涙のわけ 謙也
雨と一緒にあなたが涙する原因も流せたらいいのに。そしたら晴れた時、あなたも笑ってくれるでしょう?いつもの少し照れたような笑みを浮かべてくれるでしょう?
「う…なまえ、堪忍な、堪忍…」
「謙也くん…」
私はどうして謙也くんが泣いてるのかわからない。さっきまで一緒に楽しくお喋りをしてただけなのに。だけどたまに謙也くんは暗い顔をする。話してる時だったり、帰ってる時だったり、その時々で何をしてるかは違うけれど不意に、突然に。まるでこの世で一人ぼっちのような顔をする。私はそれが悲しかった。彼は昔からよく笑う人で、その顔はあまりにも彼に似つかわしくないものだったから。

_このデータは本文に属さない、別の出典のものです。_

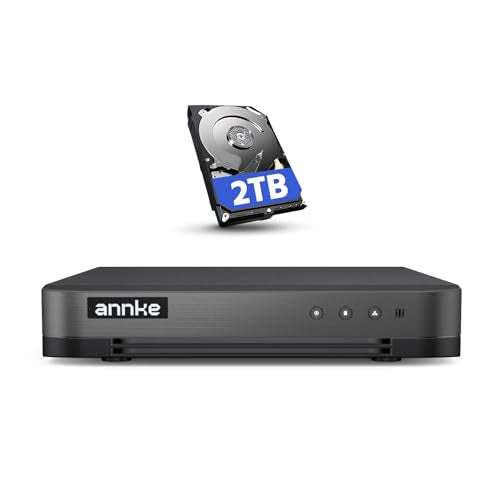16CH 1080P Lite Hybrid 5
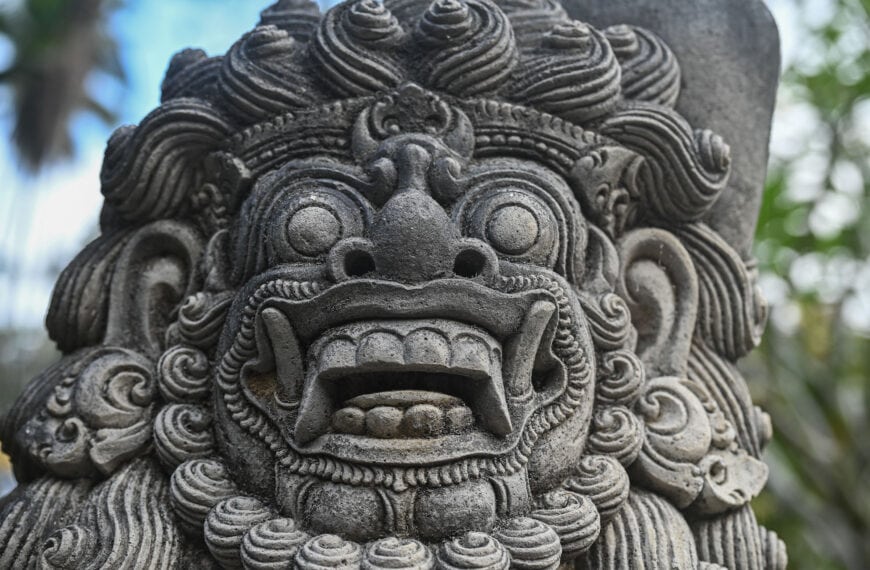 Perfect Slow-Paced 3-Week Bali Itinerary (Including Nusa and Gili Islands)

「謙也くん、おもいっきり泣いて。子供みたいにさ、わんわん泣いて。」
「……」
「そしたらさ、明日は笑ってよ。いつもみたいになまえっていいながら、沢山笑ってよ。」
謙也くんは何も言わずにただ泣いていた。私を腕に抱きしめながら。彼の腕の中で私は涙の原因がなくなるといいと雨空に願った。